Mevcut krizle ilgili üç temel görüş ön plana çıkıyor:

  1. Türkiye, hedef mi? Suriye’deki olaylar, Türkiye’nin bölgedeki etkisini zayıflatmaya yönelik bir hamle mi? AK Parti ve Başkan Erdoğan’ın Suriye’deki gelişmeler nedeniyle uluslararası baskı altına alınması bir stratejik planın parçası olabilir mi?

  2. Bölgesel dengeler değişirken Türkiye pasif mi kalıyor? ABD ve Rusya’nın Suriye’deki stratejik oyunları Türkiye’yi köşeye sıkıştıran bir hamle olarak mı değerlendirilmeli?

  3. AK Parti ve Erdoğan, iç politikada zorluklarla mı karşılaşacak? Suriye’de yaşanan bu gelişmeler, Türkiye’de seçmen algısını etkileyecek bir faktör haline gelebilir mi?

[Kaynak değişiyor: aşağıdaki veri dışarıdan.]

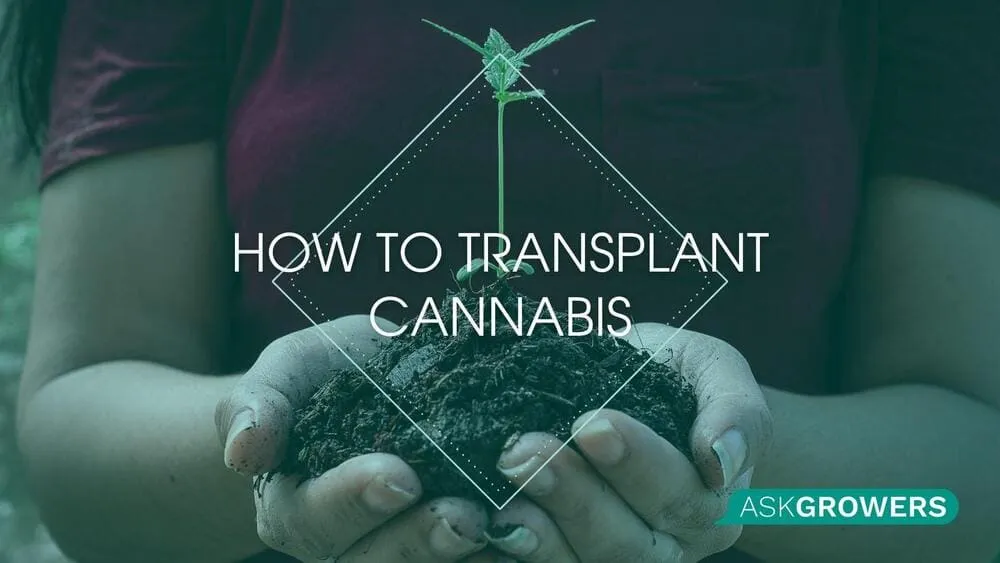 How to Transplant Cannabis Step-by-Step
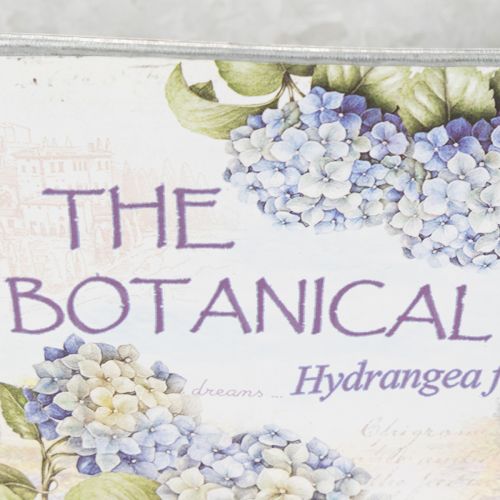 daiktų Ovalus metalinis gėlių vazonas su rankenomis, hortenzijoms, 32 × 15 × 15 cm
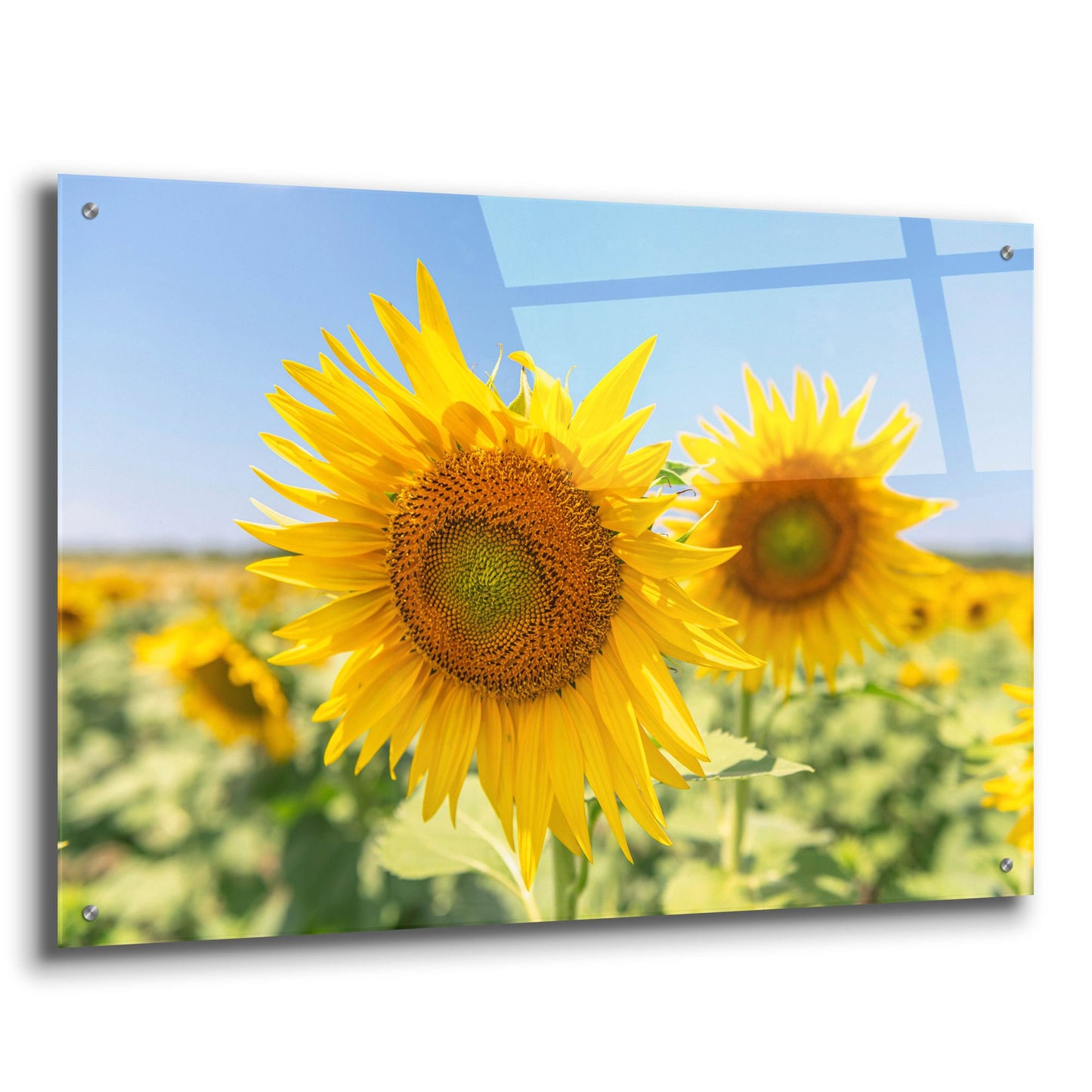 Epic Art ' Sunflowers II' by Richard Silver, Acrylic Glass Wall Art,36x24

Hükümetin bölgedeki gelişmelere karşı izlediği politika, seçmen tabanında nasıl yankılanacak?

Sonuç: Türkiye İçin Yeni Bir Dış Politika Gerekli mi?

Suriye’deki mevcut durum, Türkiye için acil bir dış politika revizyonunun gerekliliğini ortaya koyuyor.

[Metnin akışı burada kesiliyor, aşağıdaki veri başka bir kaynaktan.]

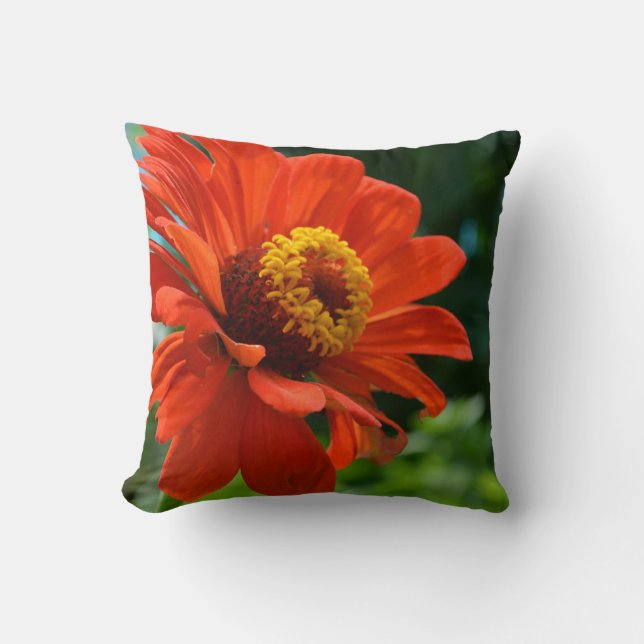 Orange daisy, zinnia, cosmo throw pillow (Front)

  • Türkiye’nin Rusya ve ABD arasında sıkışmadan bağımsız bir diplomatik hamle geliştirmesi gerekiyor.
  • Ankara’nın bölgesel güvenlik politikalarını revize etmesi ve uluslararası kamuoyunu yönlendirecek güçlü diplomatik adımlar atması elzem hale gelmiştir.
  • AK Parti ve Erdoğan’ın iç politikadaki destek oranlarını koruyabilmesi için, bölgesel krizlere karşı daha proaktif bir strateji benimsemesi şarttır.

Suriye’de yaşanan gelişmelerin Türkiye’ye olan etkileri önümüzdeki süreçte daha net bir şekilde ortaya çıkacaktır. Ancak bugün itibariyle görünen tablo, Türkiye’nin Suriye politikasının ciddi bir sınavdan geçtiğini ve bunun hem iç hem de dış politikada büyük yankıları olacağını gösteriyor.